[Dataset entries]
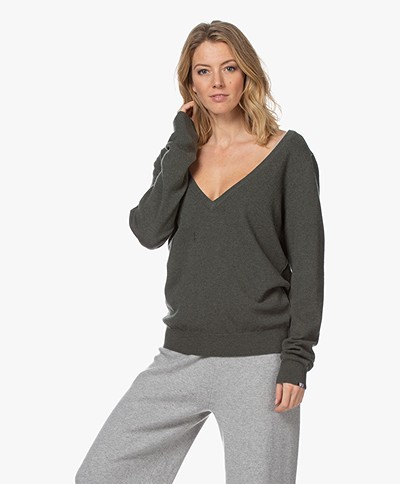 extreme cashmere N°38 Be Low Cashmere V-neck Sweater - Khaki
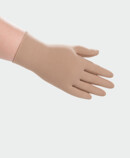 Immagine prodotto Juzo guanto compressivo con dita chiuse Donna indossa guanto compressivo Juzo con dita chiuse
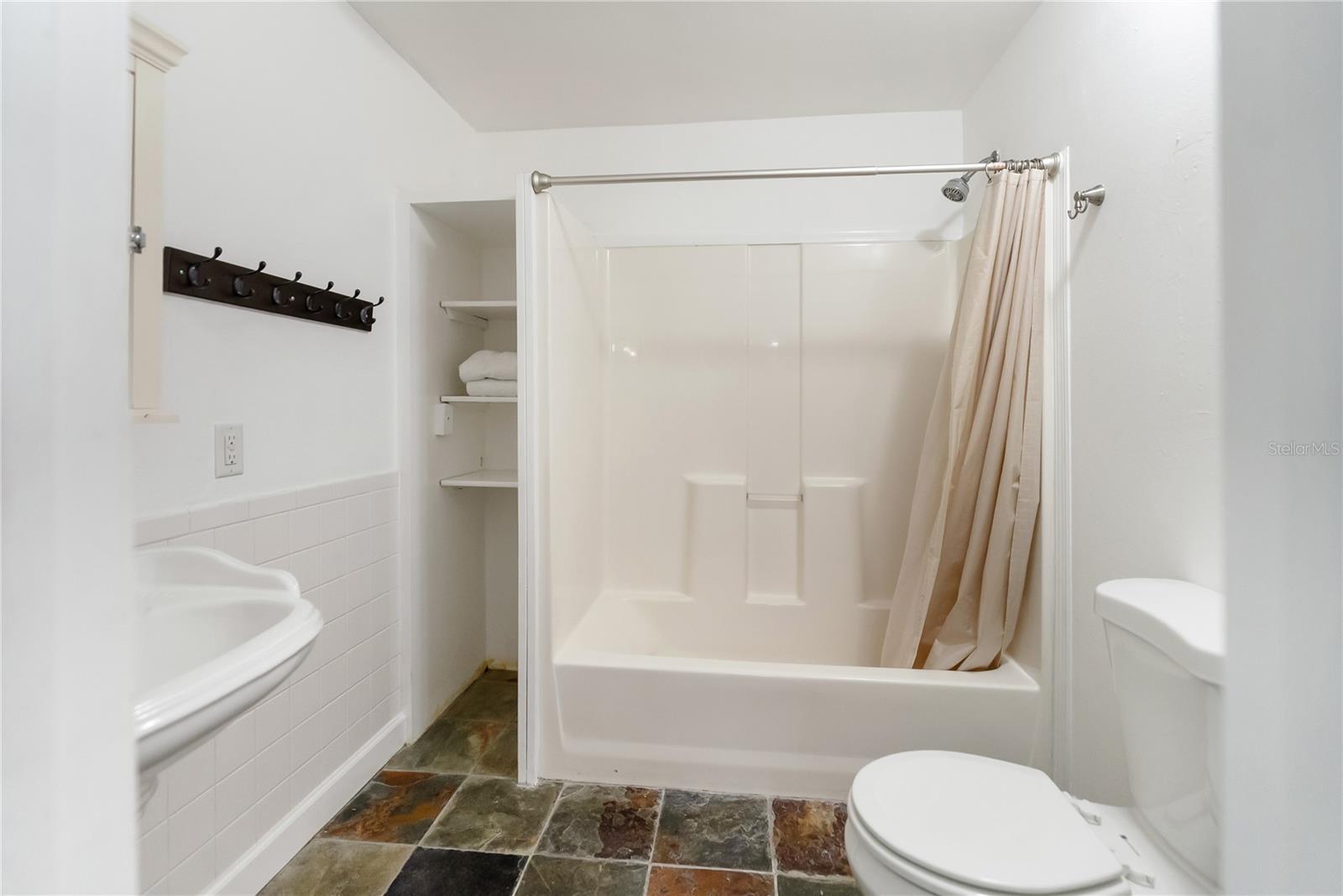 RUSTIC LODGE - Residential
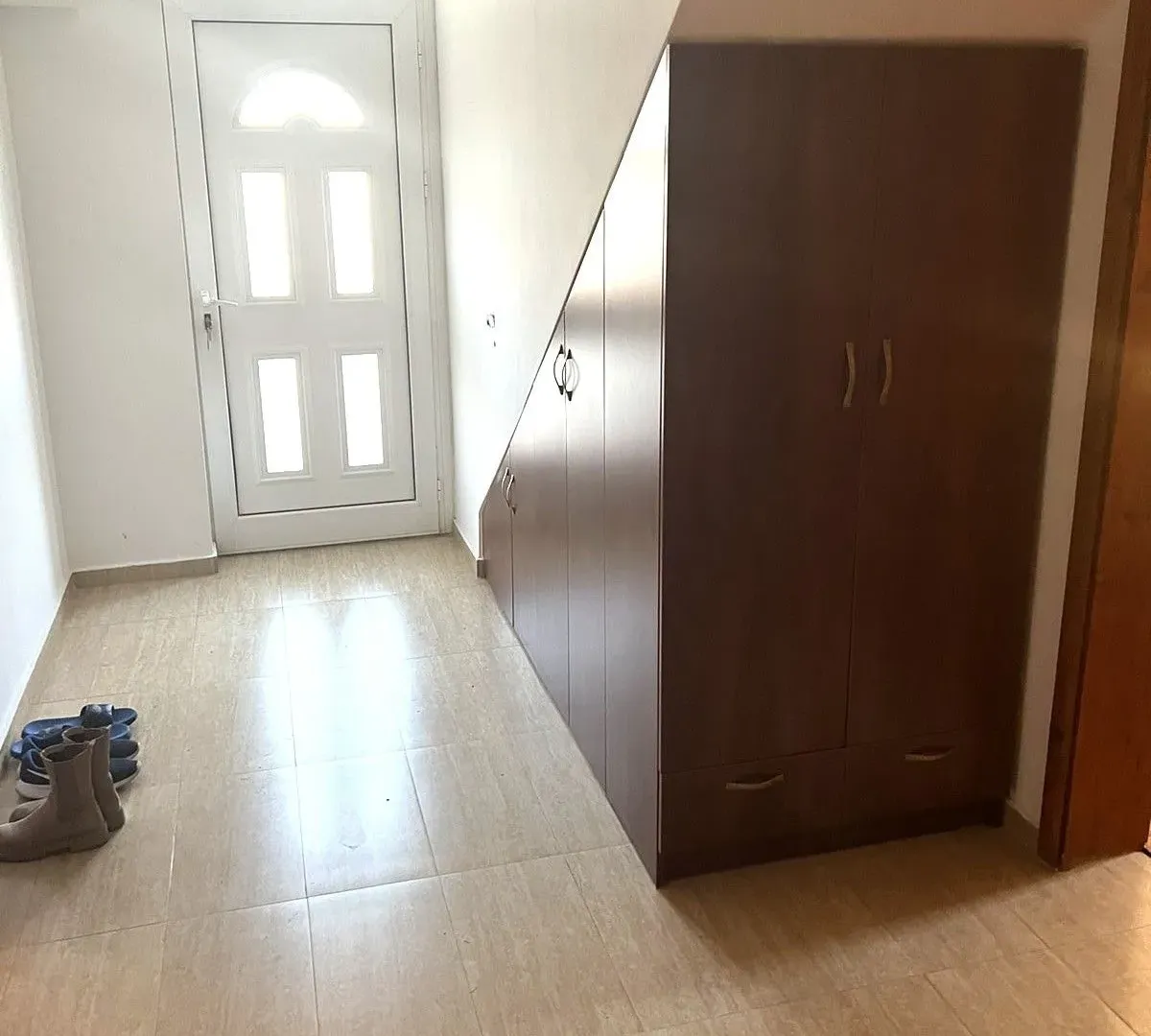 Rent, two bedroom apartment, 75m², Tološi, Podgorica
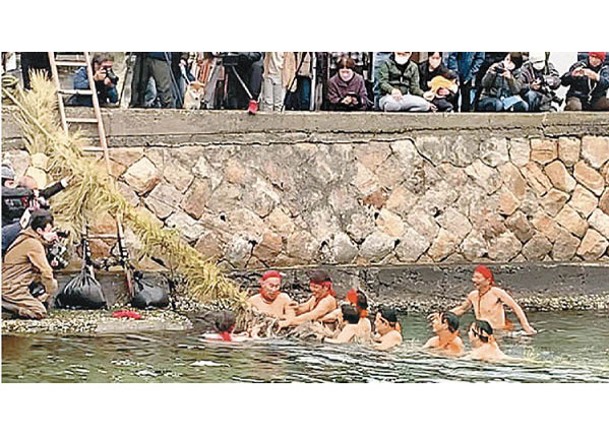 漁民開年儀式 水下拔河復辦
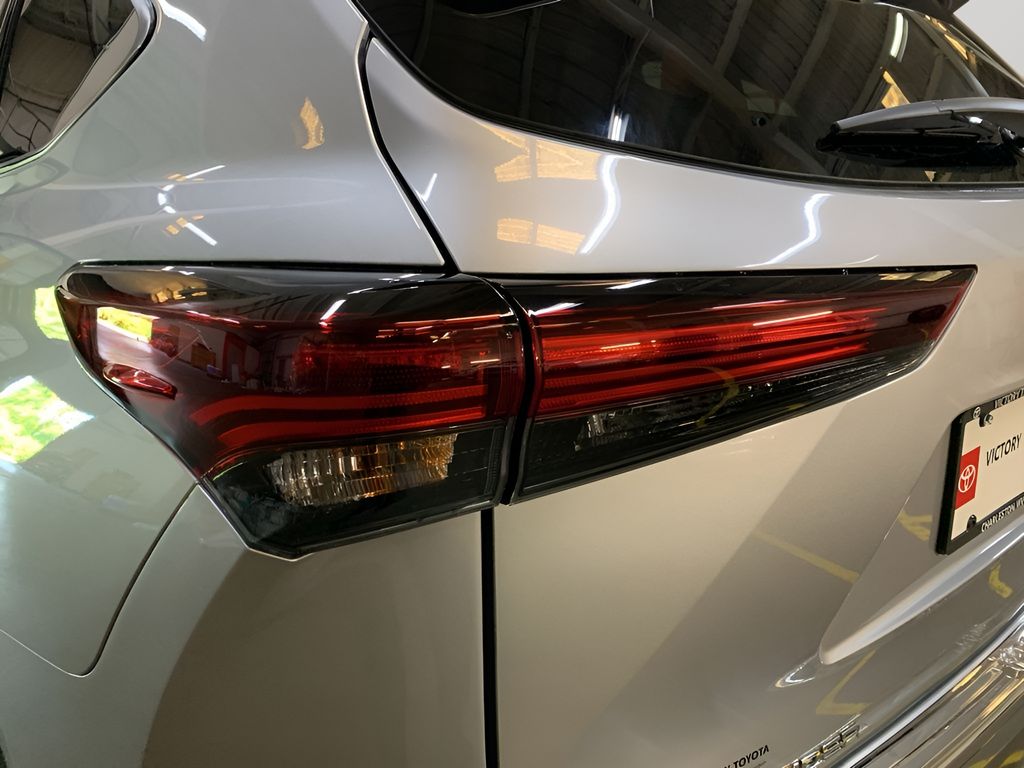 2025 Toyota Highlander XLE XSE Platinum Limited photo 27
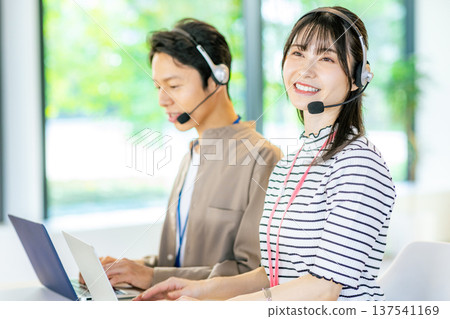 辦公室裡的男女操作員 辦公室裡的男女操作員 137541169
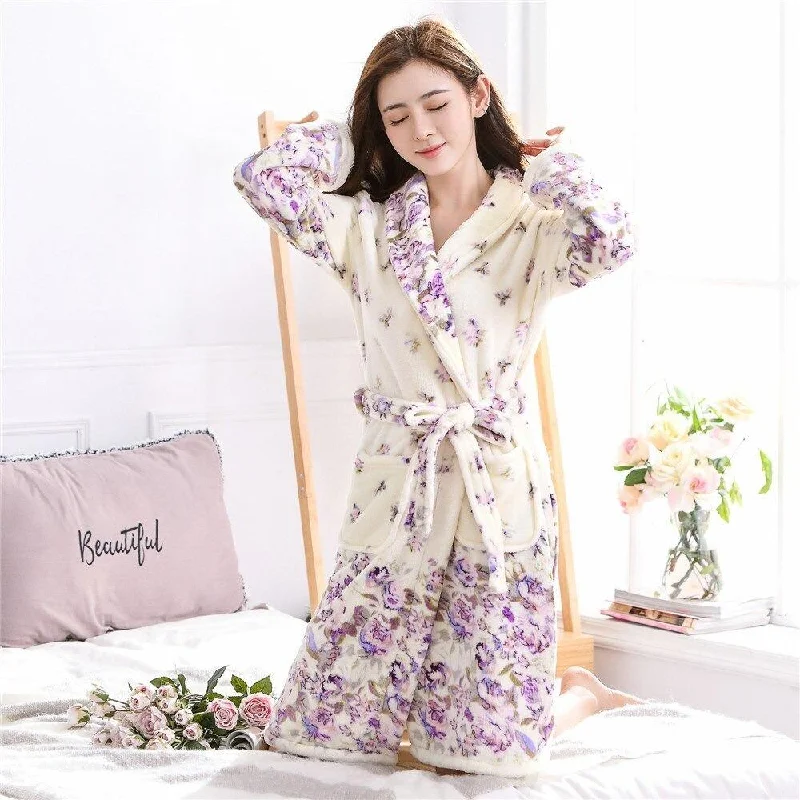 Womens robes that enhance curves flattering-Peignoir Femme<br> Fleuri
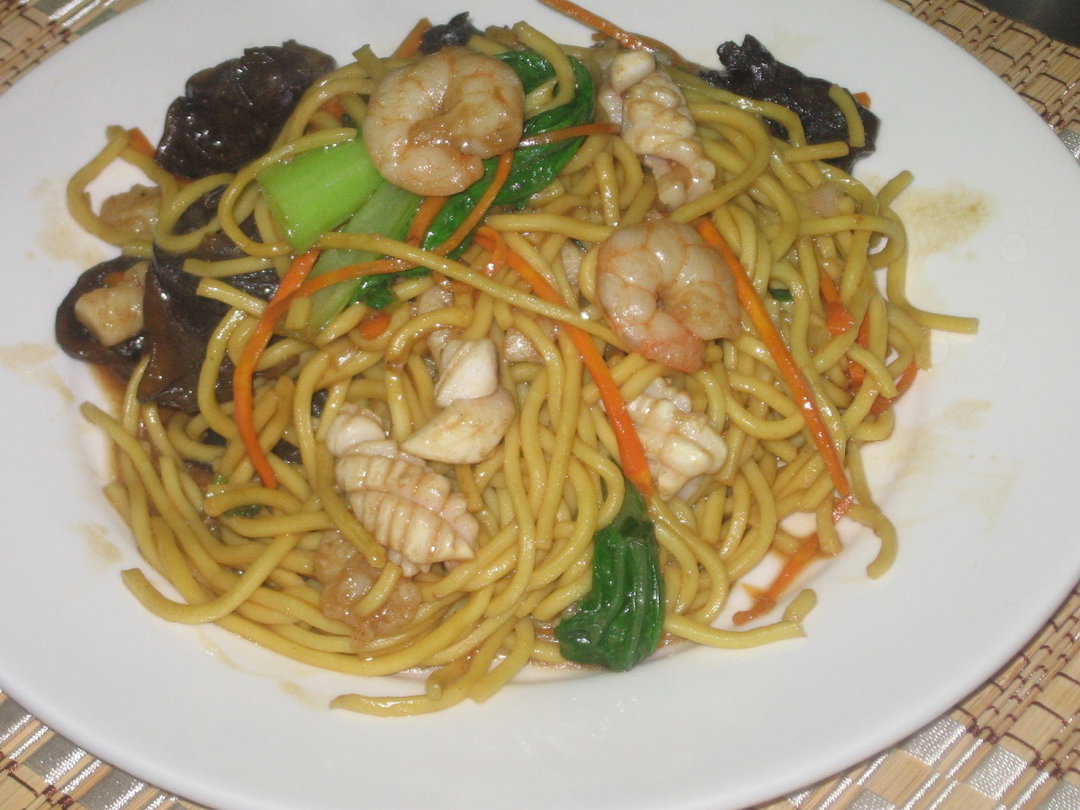 Mix Seafood Fried  Noodles   三鲜炒面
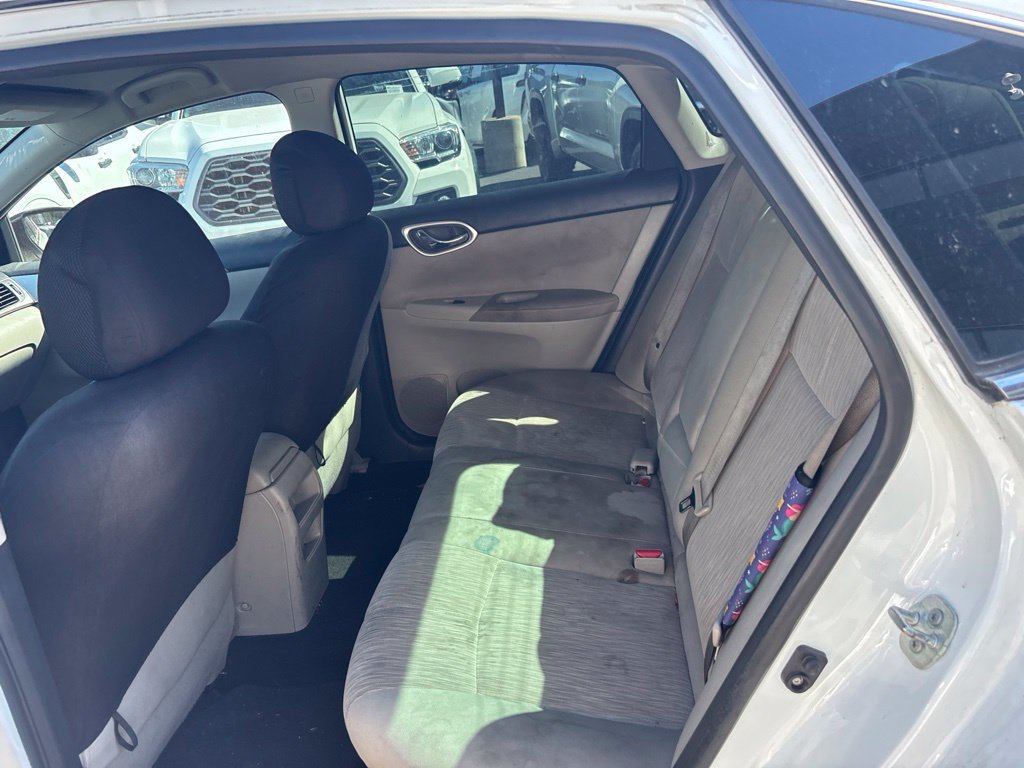 Used 2015 Nissan Sentra SV FWD image 11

▶ **What the task asks**
From the line with "Mix Seafood Fried" through the final line of the records above, return each line exactly and nothing else. Pictures are to be skipped.

▶ **Response below**
 Mix Seafood Fried  Noodles   三鲜炒面
 Used 2015 Nissan Sentra SV FWD image 11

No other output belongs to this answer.